Benda yang dikeluarkan oleh Kaito adalah jam saku tua milik mereka yang hilang. Ryou begitu terkejut melihatnya dan berbisik.
“Oi, apa kau mendapatkannya setelah mengalahkan gorilla itu?!”
“Bukan. Aku mendapatkan ini dari tuan bartender itu. Siapa yang menyangka kalau ternyata dia yang menyimpan jam saku ini. Aku tidak bertanya bagaimana dia bisa memiliki benda itu tapi yang jelas satu tujuan kita sudah tercapai”
“……” Ryou melihat jam saku itu baik-baik
Sambil membuka jam itu, dia memeriksa semuanya. Tiap goresannya masih sama, warnanya juga tidak berubah. Hanya saja sekarang ada yang berbeda.
“Jarum detiknya bisa berputar sekarang!!” Ryou terkejut
Sampai sebelum menghilang, jarum detik pada jam saku tersebut tidak bergerak sama sekali meskipun dilihat beberapa menit. Namun sekarang, semuanya bekerja dengan baik.
Kaito mengeluarkan jam saku miliknya dan menyamakan waktu pada kedua jam saku tersebut.
“Sama. Sepertinya jam saku milik kalian tidak apa-apa. Syukurlah benda itu tidak rusak”
“Aku justru tidak yakin benda ini bisa rusak, Kaito. Pada dasarnya jam saku kita berdua tidak berasal dari ‘dunia’ gila ini, jadi sepertinya nyaris mustahil untuk merusaknya”
Jawaban Ryou masuk akal. Bahkan Kaito sendiri masih penasaran kenapa jam saku milik kedua kakak beradik itu bisa persis seperti miliknya.
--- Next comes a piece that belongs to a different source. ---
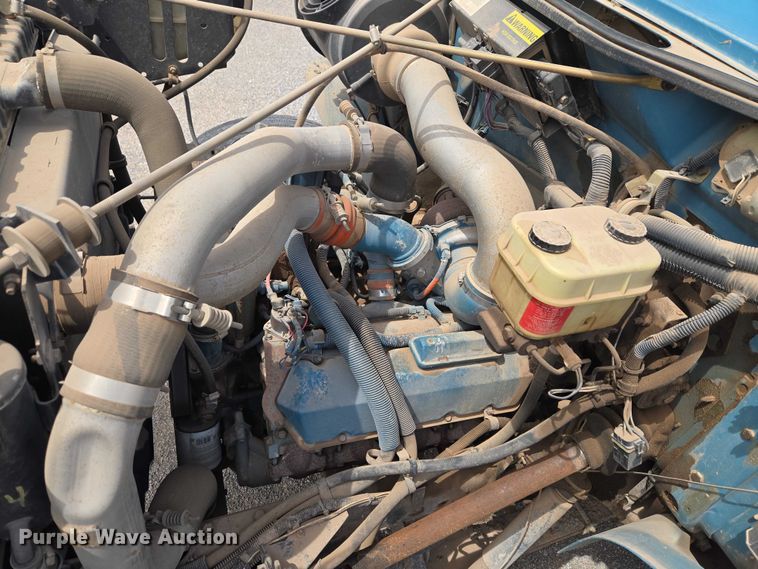 image for item ET5174 1997 International 4700 dump truck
Pikiran awal Kaito tentang hubungan dia dengan jam saku mereka berdua tidak berubah.
Ada benang takdir lain yang mengikat mereka namun masih tertutup oleh misteri.
Ryou tidak membutuhkan keterangan apapun dari mulut Kaito dan menganggap masalah jam saku ini telah selesai. Dia memasukkannya ke dalam saku celananya.
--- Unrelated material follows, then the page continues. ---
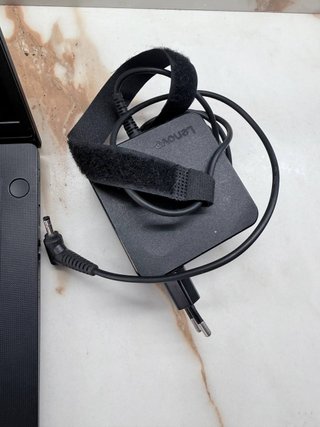 Lenovo V14 G2 ITL Portátil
Sebelum memasukkannya kembali ke saku dalam jubahnya, Kaito melihat waktu pada jam sakunya telah menunjukkan pukul 11.37.
‘Hanya dalam waktu kurang dari enam jam sejak meninggalkan penginapan, semuanya berubah drastis. Aku tidak yakin apakah ini akan berakhir hanya dalam waktu satu hari atau tidak, tapi kita tidak memiliki banyak waktu!’ gumam Kaito dalam hati
Ryou berjalan lebih dulu mendekati lingkaran anak-anak yang masih berdiri di pojok ruangan dekat pintu masuk yang rusak, sedangkan Kaito memasukkan jam sakunya kembali dan masih diam di tempatnya sambil berpikir.
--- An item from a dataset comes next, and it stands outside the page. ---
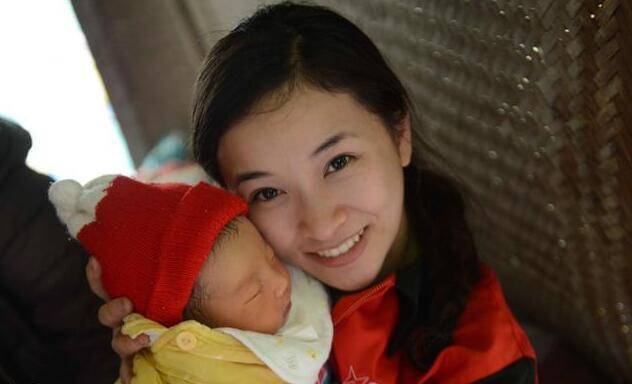 為替父報恩，我嫁給大我7歲的二婚男，兒子滿月那天我哭了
Kaito bahkan kembali melihat ke dalam ruangan tempat mayat Justin berada.
‘Setelah mendapatkan jam saku itu kembali, sekarang giliran pemiliknya yang menghilang. Aku tidak yakin apakah ini benar-benar akan berakhir baik atau tidak tapi aku tidak punya waktu lagi. Seperti yang dikatakan tuan bartender itu, jika memang malam ini pasar gelapnya akan dibuka maka waktu kami untuk menyelamatkan mereka kurang dari sore hari. Kalau tidak cepat mungkin semua akan terlambat’ katanya dalam hati
Sambil berjalan menuju tempat anak-anak itu, Kaito sempat bergumam dengan suara pelan.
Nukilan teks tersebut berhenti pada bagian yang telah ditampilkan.